5-5 オペレーション

 私たち五人も、そのポイントを目指して、それぞれの降下地点から集まる。まず初めに、降下体制に入るのは新米兵士だった。


「じゃあ合流ポイントで会いましょう」


 私がそう言うと、彼はきれいな敬礼をし、そのまま飛び降りた。

 新米とはいえ、降下作戦の訓練は嫌というほど行ってきたのだ。高度数千メートルからの自由落下にも恐れることなく、ダイブした。

 その数秒後、次の兵士が降下体制に入る。


「ではお先に」


 数秒ごとに降下していくが、たったこれだけでの差でも、地上に着いた時にはかなり離れた着地点になる。

 そして四人目を見送った後、ついに私の番だった。この戦闘機にはパイロットもいなければ、ほかの乗組員もいなかった。いやむしろ最初から最後まで人間は乗っていない。私は降下ポッドに手をかけると、誰もいない機内に向かって、敬礼をする。

 そして走り出すように、上空数千メートルの雲の上に飛び出した。輝かしい太陽が目に映った。ほんの一瞬だけ、無重力になり、体がふわりと浮かび上がった。

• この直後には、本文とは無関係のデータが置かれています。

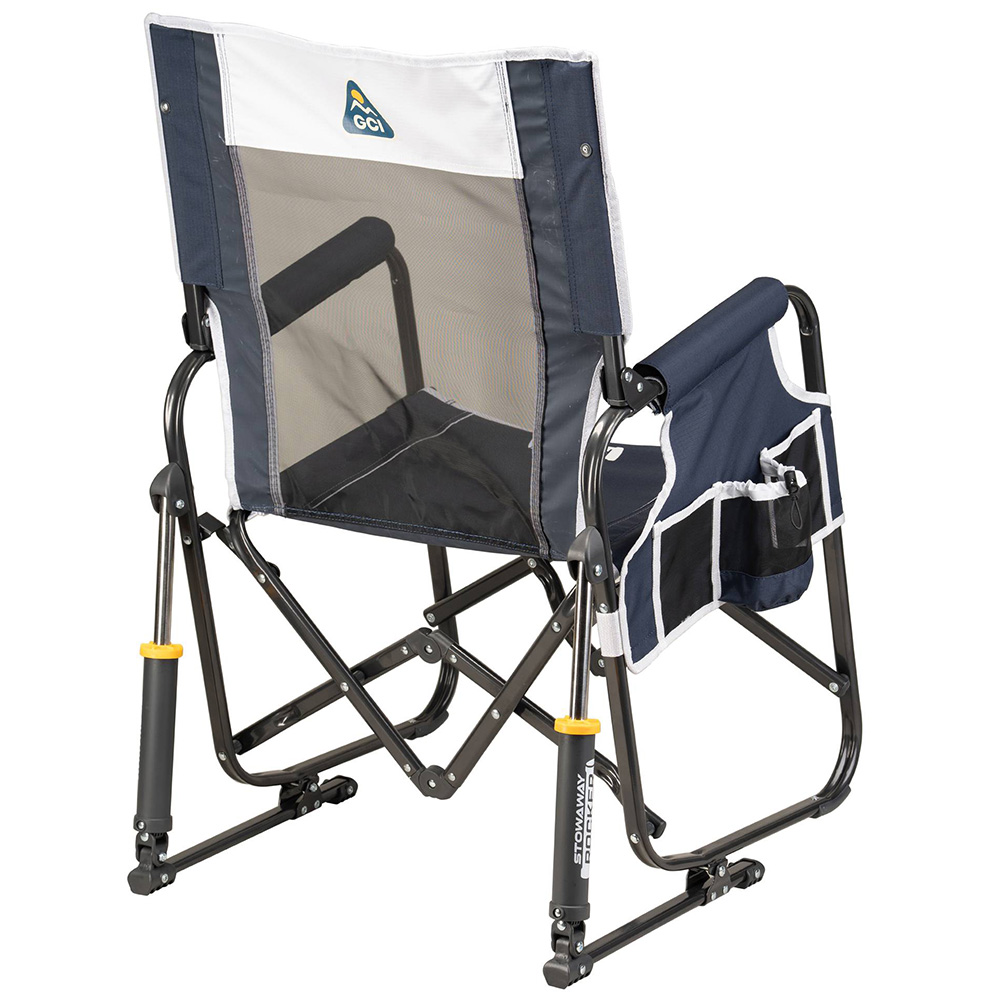 GCI Stowaway Spring-Action Rocking Chair view 19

 だがそれも束の間、すぐに地球の重力によって体が降下する。地球の凄まじい力を身をもって体感すると、鼓動の早まりを抑えることができない。

 地面と垂直となるように、体を伸ばし、腿に沿うように手のひらを付けた。

 これが基本的な姿勢である。この降下作戦にパラシュートは存在しなかった。AIによる制御システムとフォースギアの逆噴射で、着地時の衝撃をやわらげ、音や砂煙を立てずに着地する。だがもしもフォースギアの中に生身の人間がいれば、体のすべての骨が木っ端みじんになるだろう。衝撃を吸収しても、その衝撃が消えることはないのだ。

 薄い雲を抜けると、いよいよ地上が見えてきた。私が降下する場所は民家が立ち並ぶ市街地である。今度は足を地面に垂直に突き出し、腹を抱えるように体を丸めた。

 数十秒の落下時間を経て、ついに着地する。

 AIによって障害物は避けられ、逆噴射で地面に降り立つ。着地する瞬間はほんの少しだけ、砂ぼこりが立ったが、許容範囲の内だ。

 私が降り立った場所は民家の裏庭だった。

 すぐに匍匐前進で身を隠し、その場から離れる。

 このような降下作戦が地上から見えないのかというと、降下時のフォースギアはミラー迷彩を使っているため、目視はされにくい。

 そのミラー迷彩も地上に降り立ってしまえば、あまり効果を発揮しない。ただし四方八方が青に覆われている空では比較的見つかりにくい。現代の技術では完璧な光学迷彩を製造することは不可能であるため、この技術は降下のみに使われる。

 民家の塀をよじ登り、裏路地から何食わぬ顔で出てきた私は小声で、それぞれの安否を確かめた。


「こちらアルファ、みんな大丈夫」


 するとそれぞれの端末から通信が入った。全員、無事に降下を完了し、現在合流ポイントへと向かっているとのことである。